Just a couple of notes as a local in BWK. First, this is not Mr. Durant’s first tax credit project. He has completed a previous one in BWK, so he is at least a little familiar with the process. Mr. Durant also had an experienced consultant involved in the application process. The particular difficulty with this project was that a previous owner began rehabilitation on the properties 15 years ago and abandoned them. That left incomplete information about many original conditions such as doors, windows, roof materials, floorplans, etc. Therefore, documenting “before” conditions were next to impossible. Added to that, as typical “workforce” housing of the late 19th/early 20c, there is virtually no photo documentation of any kind and any families associated with their past are long gone. This is the exact type project that HPD needs to make their resources available for.
As for the Standards for Rehabilitation – other projects sure seem to be given a great deal of leeway in what they are allowed to do vs. what was there historically. How can the Ponce City Market project get around #2 – “The historic character of a property shall be retained and preserved. The removal of historic materials or alterations of features and spaces that characterize a property shall
be avoided” ? Their floors of loft apartments that break up traditionally large open spaces and their roof-top putt-putt golf course and mini-amusement park are allowed but removing a single wall in a shotgun house creating an open floor plan isn’t?
I’m not so sure it’s bias as it is documentation.
Example, the amount of research on The Grey done over the last 25 years by prior owners, eager SCAD Building Arts students in need of project subjects (The Grey is 2 blocks from buildings house the School of Building Arts) willing to do free National Historic Foundation level archiving, building surveys, material cataloging and legal findings, not to matter the endless hours sent receiving reviews and approvals by the Historical Review Board, and MPC and sometimes the whole city council would be very impressive. Same for anything legally needing an architect or a structural engineer under any of the building codes of Chatham county.
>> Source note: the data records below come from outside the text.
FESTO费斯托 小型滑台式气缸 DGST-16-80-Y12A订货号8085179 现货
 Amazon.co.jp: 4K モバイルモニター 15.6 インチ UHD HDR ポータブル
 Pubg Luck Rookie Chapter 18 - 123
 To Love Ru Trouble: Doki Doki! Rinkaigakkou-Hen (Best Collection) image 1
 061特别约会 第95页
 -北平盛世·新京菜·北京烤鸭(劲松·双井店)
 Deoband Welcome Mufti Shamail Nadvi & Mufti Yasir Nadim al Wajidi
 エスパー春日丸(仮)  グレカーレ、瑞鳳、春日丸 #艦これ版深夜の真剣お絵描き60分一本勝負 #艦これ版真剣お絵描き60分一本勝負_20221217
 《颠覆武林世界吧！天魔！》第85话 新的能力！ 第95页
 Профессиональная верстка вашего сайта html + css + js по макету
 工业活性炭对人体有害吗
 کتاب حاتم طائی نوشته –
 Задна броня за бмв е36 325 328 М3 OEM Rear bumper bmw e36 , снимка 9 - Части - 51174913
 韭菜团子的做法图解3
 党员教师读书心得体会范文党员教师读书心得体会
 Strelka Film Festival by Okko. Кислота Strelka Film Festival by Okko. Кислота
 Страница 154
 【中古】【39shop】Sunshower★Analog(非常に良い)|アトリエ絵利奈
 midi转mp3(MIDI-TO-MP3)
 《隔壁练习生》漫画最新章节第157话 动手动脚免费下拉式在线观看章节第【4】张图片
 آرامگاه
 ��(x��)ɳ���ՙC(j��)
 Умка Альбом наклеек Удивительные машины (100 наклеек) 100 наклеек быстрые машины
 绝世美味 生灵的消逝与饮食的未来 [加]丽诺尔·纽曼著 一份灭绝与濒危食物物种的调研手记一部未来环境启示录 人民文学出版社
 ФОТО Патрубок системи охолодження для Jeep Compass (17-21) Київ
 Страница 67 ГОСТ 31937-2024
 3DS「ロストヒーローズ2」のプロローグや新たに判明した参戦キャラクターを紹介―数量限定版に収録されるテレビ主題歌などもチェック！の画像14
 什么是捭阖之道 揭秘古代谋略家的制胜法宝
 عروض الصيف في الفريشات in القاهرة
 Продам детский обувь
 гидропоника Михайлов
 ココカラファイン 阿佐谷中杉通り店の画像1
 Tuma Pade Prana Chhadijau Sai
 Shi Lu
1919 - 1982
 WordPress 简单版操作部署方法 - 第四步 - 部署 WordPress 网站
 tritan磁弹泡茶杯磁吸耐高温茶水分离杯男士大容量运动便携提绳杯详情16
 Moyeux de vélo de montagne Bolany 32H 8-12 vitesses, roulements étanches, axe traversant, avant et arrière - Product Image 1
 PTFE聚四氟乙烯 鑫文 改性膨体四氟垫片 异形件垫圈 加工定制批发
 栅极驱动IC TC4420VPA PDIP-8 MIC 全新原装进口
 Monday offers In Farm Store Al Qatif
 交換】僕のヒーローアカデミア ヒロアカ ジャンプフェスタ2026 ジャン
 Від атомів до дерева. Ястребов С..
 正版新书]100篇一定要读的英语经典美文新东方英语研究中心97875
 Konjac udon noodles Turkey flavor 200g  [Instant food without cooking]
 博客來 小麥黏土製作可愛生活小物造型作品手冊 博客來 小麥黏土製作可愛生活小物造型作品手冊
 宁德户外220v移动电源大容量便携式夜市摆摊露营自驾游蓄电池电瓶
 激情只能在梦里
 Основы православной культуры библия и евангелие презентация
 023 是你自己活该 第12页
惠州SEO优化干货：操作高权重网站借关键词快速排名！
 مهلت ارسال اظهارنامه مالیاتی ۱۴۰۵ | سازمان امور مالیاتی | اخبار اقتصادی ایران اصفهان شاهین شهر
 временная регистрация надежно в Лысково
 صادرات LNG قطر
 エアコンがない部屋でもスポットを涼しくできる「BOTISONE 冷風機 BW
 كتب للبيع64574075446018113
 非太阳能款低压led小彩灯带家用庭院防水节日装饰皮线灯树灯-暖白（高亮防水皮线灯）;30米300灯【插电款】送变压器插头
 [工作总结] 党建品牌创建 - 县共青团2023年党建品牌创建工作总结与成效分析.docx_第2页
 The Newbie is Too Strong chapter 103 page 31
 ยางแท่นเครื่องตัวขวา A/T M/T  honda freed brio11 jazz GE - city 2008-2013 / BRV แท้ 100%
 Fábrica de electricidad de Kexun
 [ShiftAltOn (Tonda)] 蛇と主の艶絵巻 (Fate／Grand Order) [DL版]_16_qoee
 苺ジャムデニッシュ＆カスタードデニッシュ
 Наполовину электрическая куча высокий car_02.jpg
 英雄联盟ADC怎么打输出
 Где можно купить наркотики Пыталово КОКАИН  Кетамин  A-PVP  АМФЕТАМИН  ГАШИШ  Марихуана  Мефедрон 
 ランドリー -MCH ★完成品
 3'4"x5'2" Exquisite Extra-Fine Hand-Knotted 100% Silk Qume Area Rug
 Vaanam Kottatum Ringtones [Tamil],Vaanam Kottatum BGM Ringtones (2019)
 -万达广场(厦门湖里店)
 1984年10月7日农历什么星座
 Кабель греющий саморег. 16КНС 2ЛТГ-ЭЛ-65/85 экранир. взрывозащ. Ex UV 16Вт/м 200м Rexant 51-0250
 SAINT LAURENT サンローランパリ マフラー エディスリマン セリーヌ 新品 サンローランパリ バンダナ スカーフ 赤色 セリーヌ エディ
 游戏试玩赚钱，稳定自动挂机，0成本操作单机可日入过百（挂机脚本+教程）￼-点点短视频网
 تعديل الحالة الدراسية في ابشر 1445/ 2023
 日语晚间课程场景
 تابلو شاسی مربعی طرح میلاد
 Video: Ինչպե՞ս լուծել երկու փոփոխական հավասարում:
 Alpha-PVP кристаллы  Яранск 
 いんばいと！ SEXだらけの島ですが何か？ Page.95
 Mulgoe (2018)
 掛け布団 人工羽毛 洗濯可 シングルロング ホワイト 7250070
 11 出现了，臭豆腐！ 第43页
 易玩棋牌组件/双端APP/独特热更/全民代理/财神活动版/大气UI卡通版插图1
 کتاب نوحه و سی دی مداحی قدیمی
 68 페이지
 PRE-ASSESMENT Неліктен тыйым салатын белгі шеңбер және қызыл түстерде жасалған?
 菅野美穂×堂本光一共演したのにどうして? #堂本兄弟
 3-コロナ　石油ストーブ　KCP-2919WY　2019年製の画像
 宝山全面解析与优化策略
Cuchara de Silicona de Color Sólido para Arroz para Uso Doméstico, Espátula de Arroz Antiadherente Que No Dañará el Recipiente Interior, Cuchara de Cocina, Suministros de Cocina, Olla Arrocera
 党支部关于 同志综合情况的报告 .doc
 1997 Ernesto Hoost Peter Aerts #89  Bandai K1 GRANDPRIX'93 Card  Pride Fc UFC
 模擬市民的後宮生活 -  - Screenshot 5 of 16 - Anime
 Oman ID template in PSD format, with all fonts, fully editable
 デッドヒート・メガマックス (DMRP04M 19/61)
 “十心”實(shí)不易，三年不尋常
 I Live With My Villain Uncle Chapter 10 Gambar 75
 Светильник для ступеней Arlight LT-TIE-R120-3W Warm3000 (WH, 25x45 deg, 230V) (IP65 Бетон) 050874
Also you also need a client willing to spend the money to save a ridiculously small or minor element that falls under the mandatory requirements or remove that element when it is not in keeping to the time frame you are preserving too. If you drive by the Savannah Electric plant rehabilitation and addition on River Street at the end of MLK right now, the owner is spending a fortune to hold up the two original metal smoke stacks until a new base that is not a bio hazard is completed. You have a weird piece of crown molding that has to be replaced and is no longer a catalog profile, you find yourself a custom wood shop to tool you a set of one of a kind custom blades to mill you less then 40 feet of molding (the blades will cost 2 to 3 times more then the molding).
Preservation research construction is not cheap, which is way your average developer doesn’t do it.
I have lived in 2 historic buildings (both in Richmond VA) one of which was in the Church Hill district. I cant speak for BWK but the Richmond Historical Society is quite clear about what can and cannot be done. The rules are tedious but you wouldnt have the excuse of not knowing. Anyone who gets involved in historic preservation and certainly someone spending 600,000.00+ would have been smart to hire an expert to help. It is important to preserve these buildings as they were. People who chose to live in them realize that there are certain trade offs. A favorite story I heard was about someone trying to renovate an historic Charleston row house. They wanted to take down the plaster only to realize that it was the plaster that was keeping the walls from falling in! They also got a hefty fine as well. Charleston is historic preservation on steroids, and we should all be grateful because if they were’nt it would all certainly be lost.